Landowner not negligent in turning off light, leaving guest in darkness
Patrick Fitzpatrick was injured when Teresa Betanzos turned off the porch light, leaving him to negotiate a stairway in the dark. He filed a negligence claim, arguing that his injury resulted from an uneven stair he did not anticipate in the dark. The Court rejected his negligence claim against Teresa, and ruled that he had failed to avoid the "open and obvious" defense to a premises liability claim.
We hope that Fitzpatrick's attorneys will appeal this ruling, since it incorrectly dismisses the active negligence claim arising from Teresa's mistake in turning off the light. Architects will tell you that non-uniform stair heights are a significant hazard resulting in many stairway injuries. No doubt the condition of the premises played a role in Fitzpatrick's injuries. Further, these non-uniform stairway risers are not "open and obvious" on casual inspection and should provide the foundation for a legal premises claim.

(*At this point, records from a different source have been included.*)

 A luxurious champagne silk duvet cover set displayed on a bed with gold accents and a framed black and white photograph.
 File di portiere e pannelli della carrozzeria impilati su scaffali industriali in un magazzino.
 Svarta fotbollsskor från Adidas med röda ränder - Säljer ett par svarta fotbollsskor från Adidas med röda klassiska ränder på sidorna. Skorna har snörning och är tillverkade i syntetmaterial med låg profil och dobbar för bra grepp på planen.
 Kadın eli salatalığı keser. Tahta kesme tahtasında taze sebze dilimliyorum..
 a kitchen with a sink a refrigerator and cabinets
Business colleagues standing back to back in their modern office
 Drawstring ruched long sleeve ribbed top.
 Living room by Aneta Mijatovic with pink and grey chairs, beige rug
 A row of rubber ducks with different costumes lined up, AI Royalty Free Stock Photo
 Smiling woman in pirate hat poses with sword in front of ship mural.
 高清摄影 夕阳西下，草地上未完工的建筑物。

Nevertheless, Teresa's act of turning off the light before Fitzpatrick negotiated the stairway is one of simple negligence that should not turn on an "open and obvious" analysis; the higher court has made that distinction previously in a case where the homeowner allegedly knocked a guest off an entryway that was too small to accommodate the swing of the front door and a guest. We hope Fitzpatrick has the stamina to pursue an appeal.